Figure 7. GRPO with simplified value estimation as compared to PPO
Problems: Although popular, PPO does have several challenges when applied for RLHF for LLMs such as memory and computational burden since there are 4 models, and difficulty to train accurate value models for token-level credit assignment while the reward model only gives reward at the last token of sequences.
Alternative Solution: GRPO improves PPO by removing the value model (critic) and directly using samples of a group of outputs per prompt to estimate the advantages for training. These design choices have helped alleviate the changes with PPO algorithms applied for LLM post-training.
✅ Remove value model to improve memory efficiency: By removing the critic, GRPO significantly reduces the number of parameters and memory footprint, which is particularly beneficial when fine-tuning large LLMs. Although some optimized PPO implementation also uses a shared based model for policy model and value model with two heads like multi-task learning (such as stable-baselines3), the memory efficiency improvement is modest in this case.
✅ Direct advantage estimation to simplify training pipeline: Instead of relying on a learned value model with bootstrapping and GAE, GRPO estimates advantages by comparing multiple samples per prompt, thus simplifying the credit assignment mechanism—albeit at a group (sequence) level rather than token level.
✅ Relative advantage computation to reduce variance through group sampling: By using multiple outputs for the same prompt and calculating the advantage as the deviation from the group average reward, GRPO mitigates the high variance associated with sparse, sequence-level rewards.
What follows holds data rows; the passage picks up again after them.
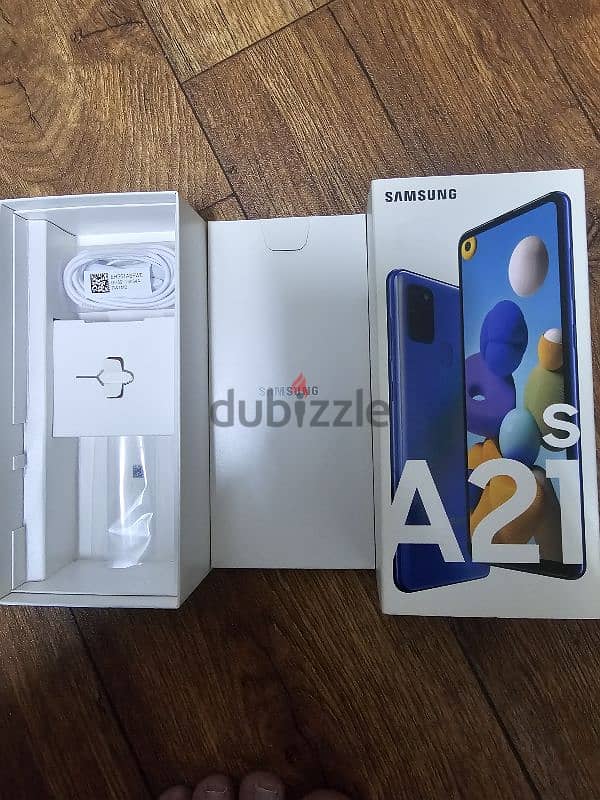 Samsung A21s mobile for Sale 1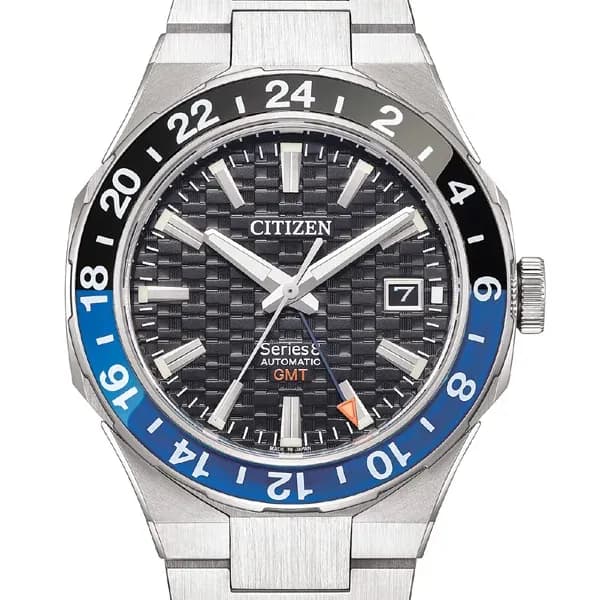 Citizen NB6031-56E 880 GMT Mechanical Series 8 Herren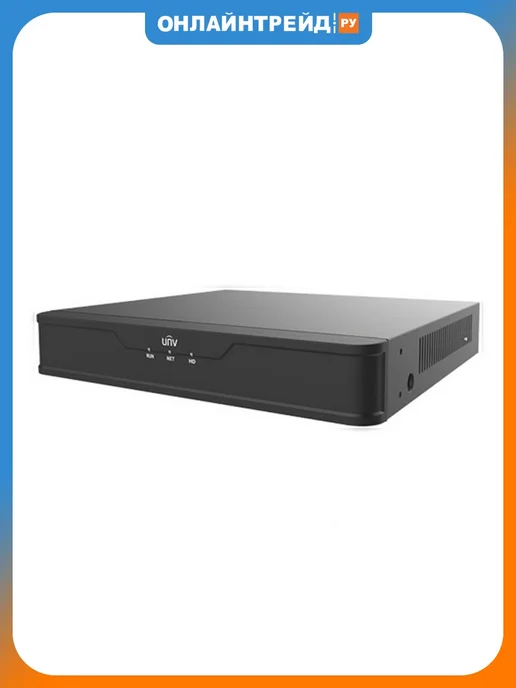 Видеорегистратор IP Uniview NVR301-04S3-RU, вариант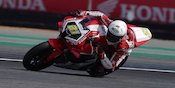 Hasil Race 1 ARRC SS600 Thailand 2025: Adenanta Putra Menang, Wahyu Nugroho Naik Podium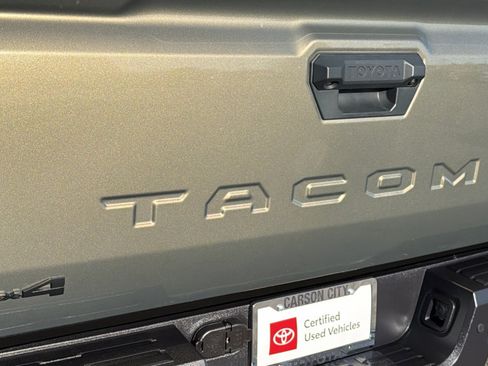 Used 2024 Toyota Tacoma TRD Sport image 28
✅ Updates reference model iteratively: GRPO’s approach of periodically updating the reference model helps balance the need for a stable KL penalty with the requirement for the reference model to stay relevant as the policy evolves, which can be advantageous over a completely fixed reference model in certain settings. A related note on KL penalty to regularize the training process. Since the value model is removed in GRPO, an unbiased KL penalty estimator, guaranteed to be positive[17], is added directly in the main training objective.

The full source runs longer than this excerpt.